## Work instruction
Quote each line of the material verbatim, without the pictures.

## Recorded data
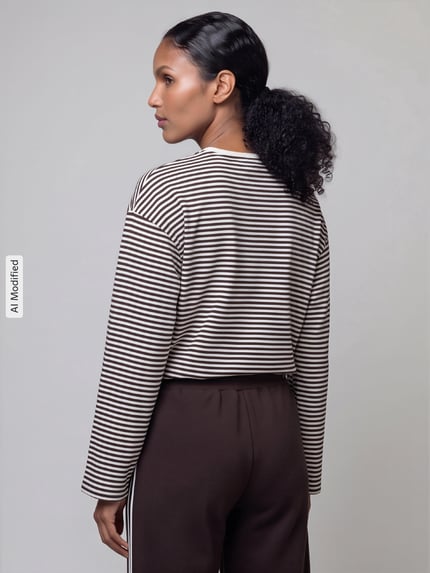 ONLY Relaxed Fit Langarmshirt aus reiner Baumwolle Modell 'FREJA' Schoko Melange 5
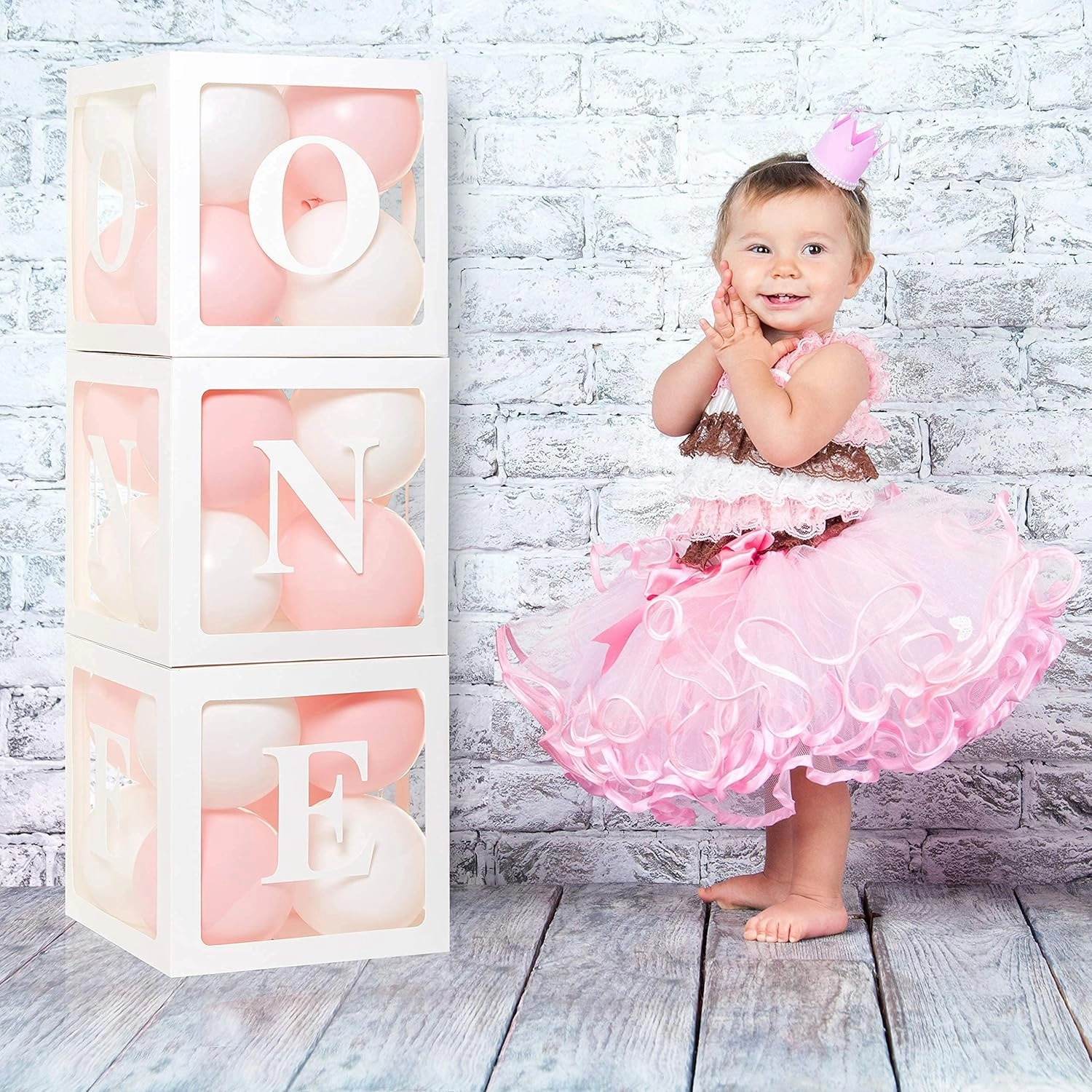 First Birthday Decorations Balloon 'ONE' Boxes for Baby Girl - 24 Balloons - Baby 1st Birthday Girl Decoration, Clear Cube Blocks 'ONE' Letters as Cake Smash Photoshoot Props Backdrop | 1 Year Old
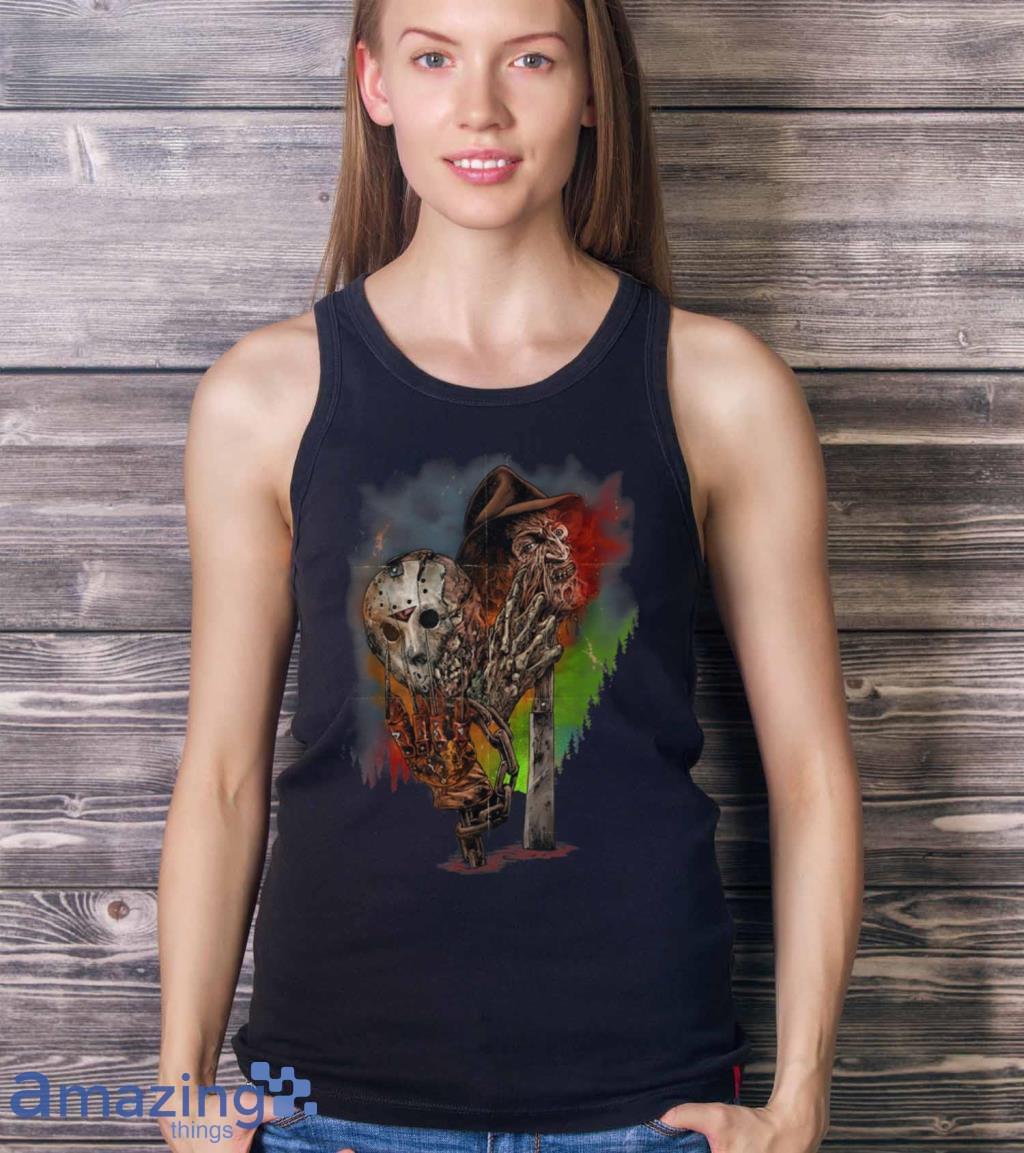 Kru.Eger Voo.Rhees Mashup Mask Halloween Horror Characters T Shirt image Kru.Eger Voo.Rhees Mashup Mask Halloween Horror Characters T Shirt Product Photo 5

## Written response
 ONLY Relaxed Fit Langarmshirt aus reiner Baumwolle Modell 'FREJA' Schoko Melange 5
 First Birthday Decorations Balloon 'ONE' Boxes for Baby Girl - 24 Balloons - Baby 1st Birthday Girl Decoration, Clear Cube Blocks 'ONE' Letters as Cake Smash Photoshoot Props Backdrop | 1 Year Old
 Kru.Eger Voo.Rhees Mashup Mask Halloween Horror Characters T Shirt image Kru.Eger Voo.Rhees Mashup Mask Halloween Horror Characters T Shirt Product Photo 5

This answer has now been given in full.